Computational Statistics II

Homework 1


Tommaso Rigon


The homeworks are not graded, but the results may be sent to to receive feedbacks.


In this homework we consider the CAGE cancer dataset that is described in the tutorial This is the same dataset that is presented in the article Durante (2019), Conjugate Bayes for Probit Regression via Unified Skew-Normal Distributions.

Note. This is a high-dimensional problem, so adjust your expectations about the performance of the algorithms accordingly.
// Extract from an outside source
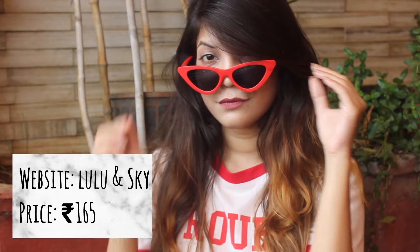Next is the one and only pair from this haul that I got from Lulu and Sky — there was a sale, still ongoing, with 60 to 75 percent off on sunglasses. I got these red framed cat eye sunglasses for an insane price of just 165 rupees. It's a quirky addition to my collection and will absolutely stand out as an accessory. It adds reinforcing drama to your OOTD. The quality is sturdy, good quality plastic and well made, as expected from Lulu and Sky.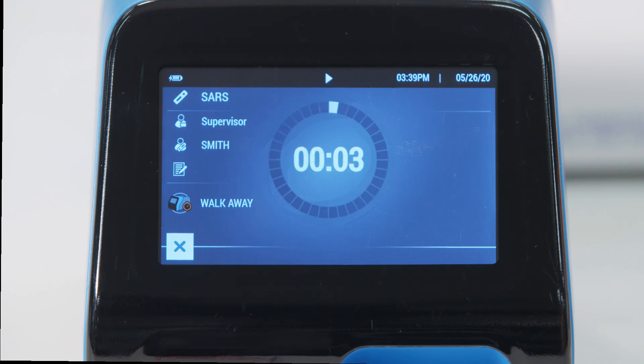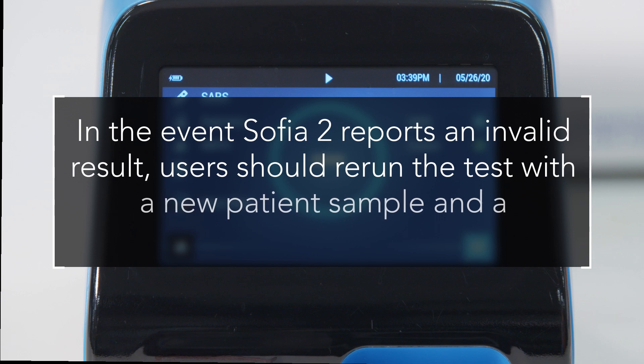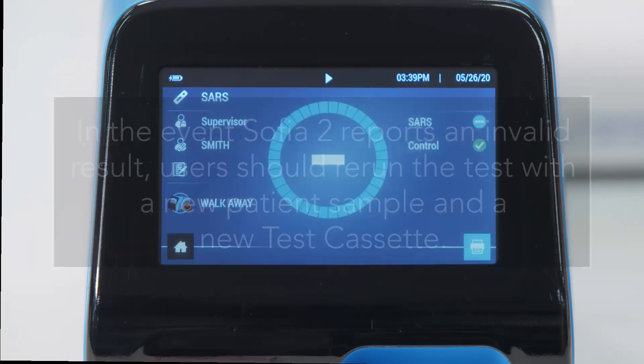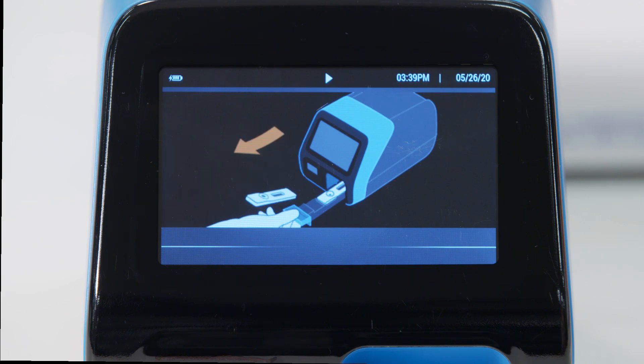When the test is complete, the results screen appears and informs the user if the test was positive, negative, or invalid. In the event SOFIA2 reports an invalid result, users should rerun the test with a new patient sample and a new test cassette. Press home and follow the on-screen directions, then return to the run test screen.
Dataset description (from the document)

The focus is on learning how gene expression (monitored at p - 1 = 516 tags) relates to the probability of a cancerous tissue. Data are available for n = 74 measurements and can be downloaded at Cancer SAGE by clicking here. The download provides a directory SAGE_filtered_small_dataset which contains several datasets. Here the focus is on dataset_74-516.csv.

rm(list = ls())
dataset_gene <- read.csv("dataset_74-516.csv", header = TRUE, sep = "")
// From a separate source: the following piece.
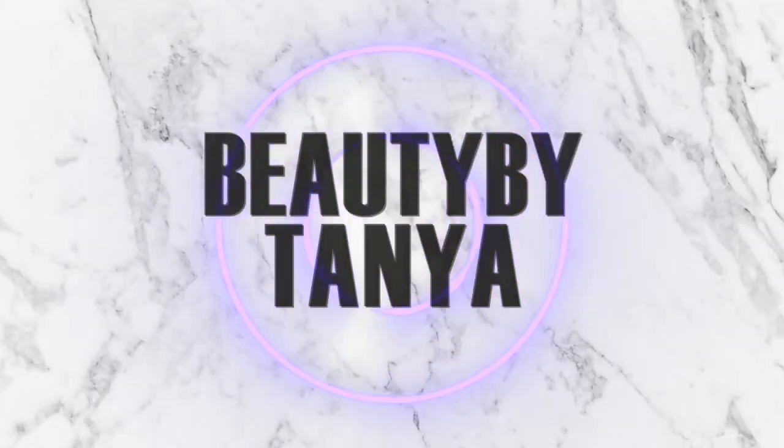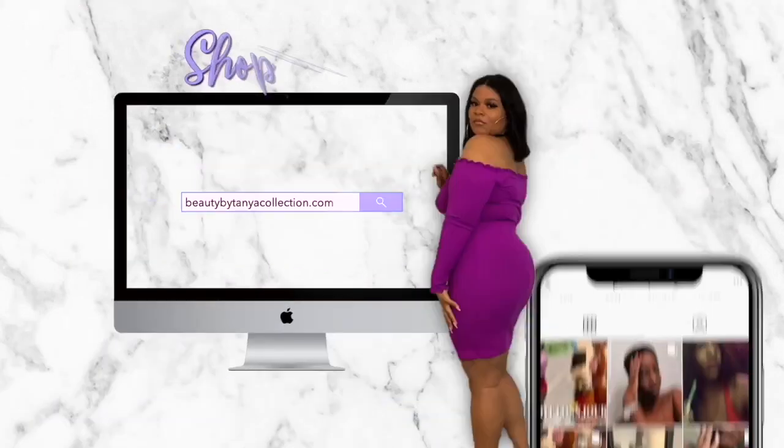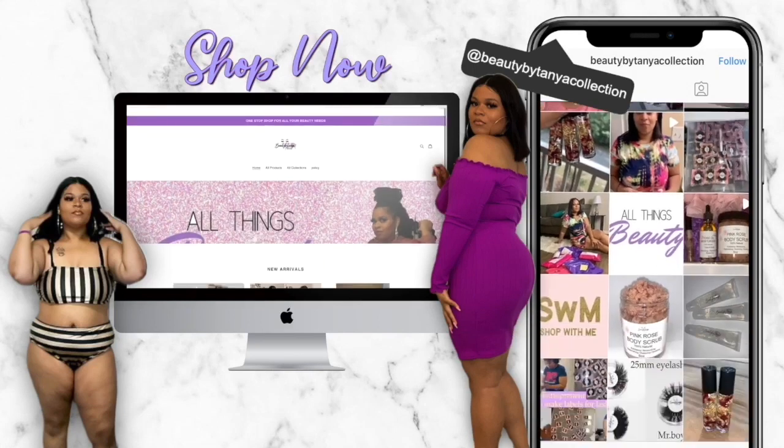Welcome back to Beauty by Tanya! Today's video is going to be all the things I got from Amazon — an Amazon haul video. Some of these things I already use and some I'm going to unbox right now. I won't go into depth on every item, but everything will be linked in the description. If you like these types of videos, don't forget to like, comment, and subscribe!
The dataframe dataset_gene contains information on the response variable (first column of dataset_gene), and on the covariates (subsequent columns of dataset_gene). More specifically, the first column dataset_gene[, 1] contains names of tissues followed by a letter which is either N (normal) or C (cancerous). Exploiting this information, let us create the response by hand.

y_data <- c(
  0, 0, 1, 1, 1, 1, 1, 1, 0, 0, 1, 1, 1, 1, 1, 0, 1, 1, 1, 1, 1, 1, 0, 1, 1, 1, 1,
  1, 1, 1, 1, 1, 1, 0, 0, 1, 0, 0, 1, 1, 0, 1, 0, 0, 0, 1, 1, 0, 1, 1, 0, 0, 0, 0,
  0, 1, 1, 1, 1, 0, 0, 1, 1, 0, 1, 0, 1, 1, 1, 1, 1, 1, 1, 1

The design matrix comprising the covariates can be easily obtained by extracting the remaining columns in dataset_gene. Following Gelman et al. (2008), such covariates are also rescaled and an intercept term is added.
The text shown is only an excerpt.